Later in the service, attendees acknowledged sins such as “ignoring the poor and homeless people” and “closing our hearts and our neighborhoods to people of other backgrounds and races.”

Bro told the families gathered about the new Yiddish-language version of the musical “Fiddler on the Roof,” which recounts the story of a Jewish family in Imperial Russia. She explained how Tevye, the main character, and his Jewish community faced anti-semitism and changing traditions while still holding onto their basic Jewish values. “We can’t compare our situation today in the United States with the anti-semitism that Tevye and the town faced back in Russia. However the threat of a growing American anti-semitism cannot be ignored,” she said.

But Bro added that Jews are not the only targets of discrimination. “That should make us just as vigilant for others, who like us, have faced centuries of prejudice and violence and continue to face it…people of color, LGBTQ, women,” she said.

She also expressed that, although today’s American Jews don’t have to flee their homes due to anti-semitism, their history of being expelled from numerous countries should lead them to be compassionate toward refugees. Workmen’s Circle frequently partners with HIAS, a Jewish-American nonprofit organization that provides assistance to refugees, because Jews were once [people] in a strange land too, Bro explained.

“Around the world, people are being persecuted because they are different and…the doors to freedom for those who are being persecuted and are seeking refuge are bolted shut here and abroad,” said Bernice Siegal, a speaker at the service and also a member of The Workmen’s Circle board of directors. “It was not so long ago that the doors to safety and freedom were closed to Jews fleeing from the horrors of the Holocaust.” Siegal encouraged the crowd to join hands with each other and rally against hate and oppression.

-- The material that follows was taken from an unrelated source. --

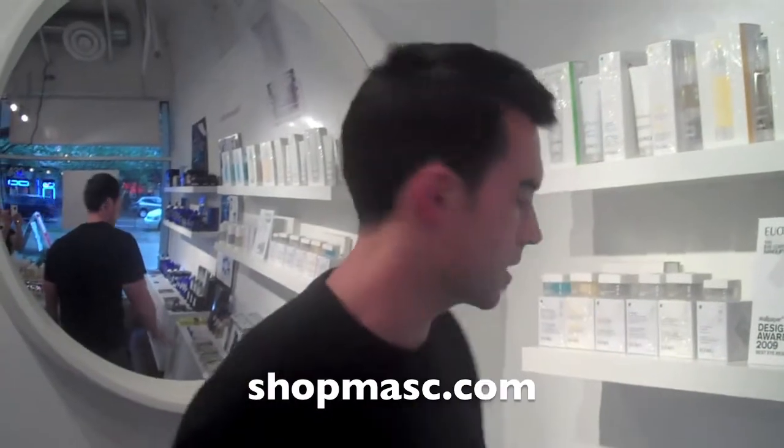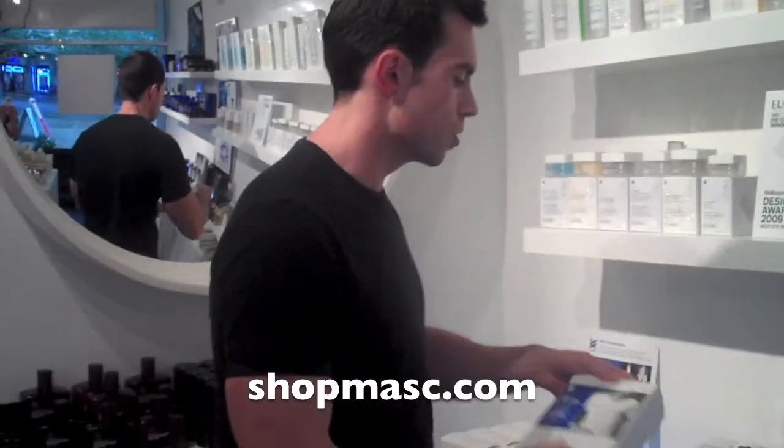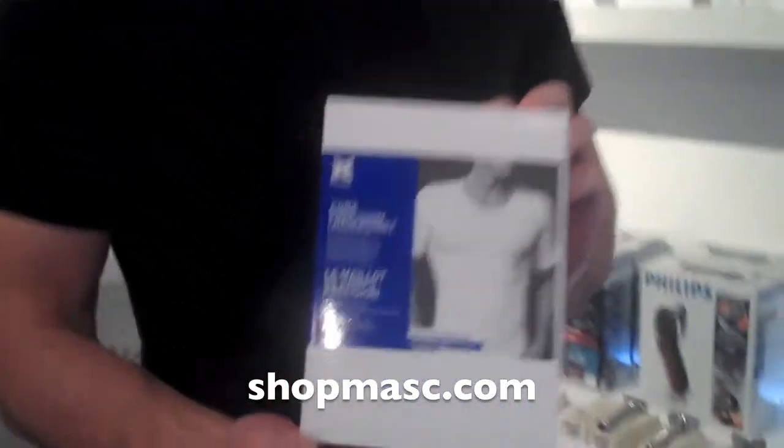Hey everybody, welcome to another Mask Minute. In keeping with helping you to look and feel your best, we're now selling an undershirt from a line called Acumen. It's no ordinary undershirt though — they call it a core precision undershirt.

“In the last 20 years, The Workmen’s Circle has had a resurgence and redefinition with not only Yiddish and cultural livelihood, but also social justice and connections with issues around economic justice and racial justice,” said Zasloff.

Bro said one of The Workmen’s Circle’s recent social justice causes was fighting for the $15 per hour minimum wage in New York. The initiative was passed and has resulted in similar efforts nationwide and on the national level. The group also pushed for all residents of New York to have the right to a driver’s license, regardless of immigration status, so that they can get to work.

“Part of [these efforts] is helping support low-income people and people of color who are going to be discriminated against if those things are not passed,” said Bro.

The Rosh Hashanah celebration concluded as it began, with traditional Yiddish singing and music. “May we see the day when war and bloodshed cease, when great and wondrous peace embraces the world,” the families in the service said in unison.